(x+3)(X+4)>0
>0 means that the function on the left side should be positive.
since we have 2 numbers mutliplying by each other, then either both of them are positive (+) or both are negative (-)
then,
x+3> 0 and x+4>0
==> x>-3 and X>-4 .... then the interval would be (-3, inf)
now lets wok on the negative side
both numbers are negative (-), then
x+3<0 and x+4< 0
x<-3 and x<-4 .... the interval is (-inf, -4)
then the inequality is ture iff (-inf, -4) OR ( -3, inf)
or means either the first or the second but not both
===> (-inf, -4) U (-3, inf)
(x+3)(x+4) > 0.
To find the real numbers that satisfies the above product.
Solution:
Let f(x) = (x+3)(x+4)
So f(x) vanishes when eother of the factors is zero.
Consider the sign of f(x) = (x+3)(x+4). When x<-4, both factors are negative . So the product of 2 negatives is positve. So f(x) = (x+3)(x+4) > 0 when x <-4.
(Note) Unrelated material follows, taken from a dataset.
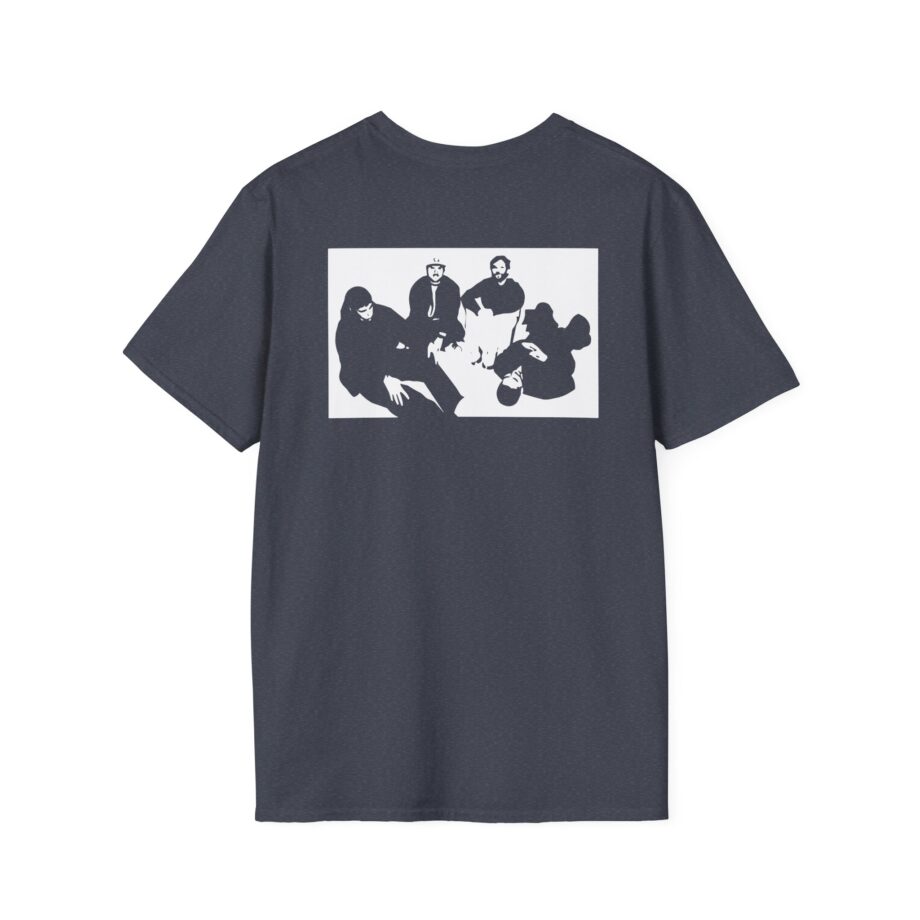 The Story So Far Banner Unisex Softstyle T-shirt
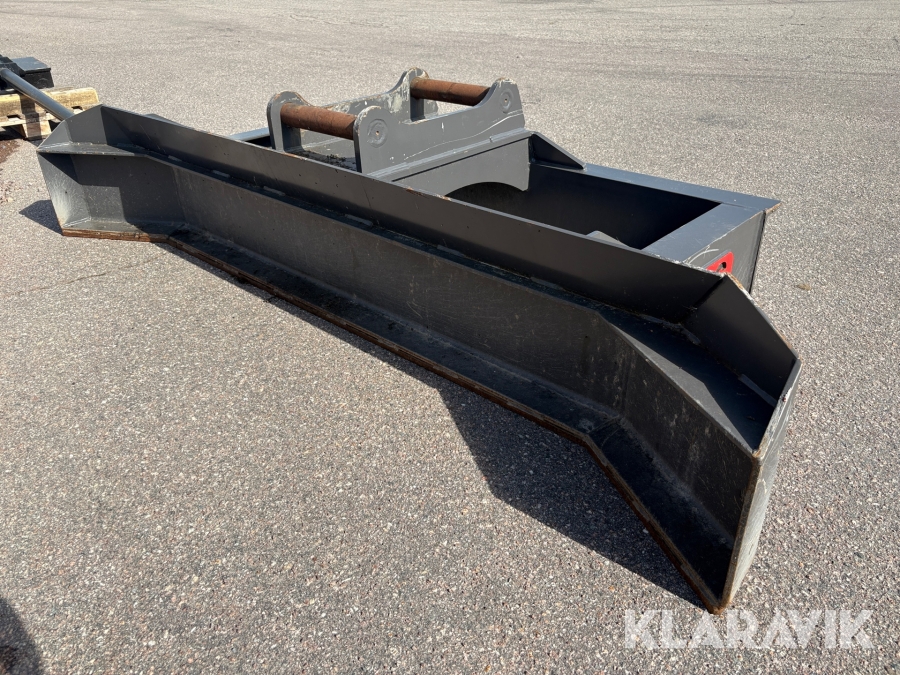 Planeringsbalk FS AVJB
When x=-4. f(x) = 0 as (x+3)(-4+4) = 0
When -4 < x<-3, f(x) has x+3 negative and x+4 is positive. So the product of a negative and positive factor is negative.
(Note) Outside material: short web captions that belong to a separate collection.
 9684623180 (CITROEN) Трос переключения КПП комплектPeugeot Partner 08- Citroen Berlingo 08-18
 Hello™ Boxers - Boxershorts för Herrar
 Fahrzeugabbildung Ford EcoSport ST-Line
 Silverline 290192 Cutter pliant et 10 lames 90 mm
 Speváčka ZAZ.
When x>-3, both factors are positive. Therefore f(x) is positive.
So for f(x) > 0, x <-4 or x >-3. That means x should be outside the interval (-3 , -4)
To satisfy the inequality, both factors of the product have to have the same sign, that means that, if (x+3) is positive, (x+4)>, too, and reverse.
Let's solve both cases.
First, let's consider both factors as being positive:
x+3>0
x+3-3>-3
x+0>-3
x>-3, which is the interval (-3, inf.)
x+4>0
x+4-4>-4
x>-4, which is the interval (-4, inf.)
The common interval which satisfies the inequality is (-3, inf.).
The other case is when both factors are negative.
x+3<0
x<-3, which is the interval (-inf, -3)
and
x+4<0
x<-4, which is the interval (-inf, -4).
The common interval which satisfies the inequality is (-inf, -4).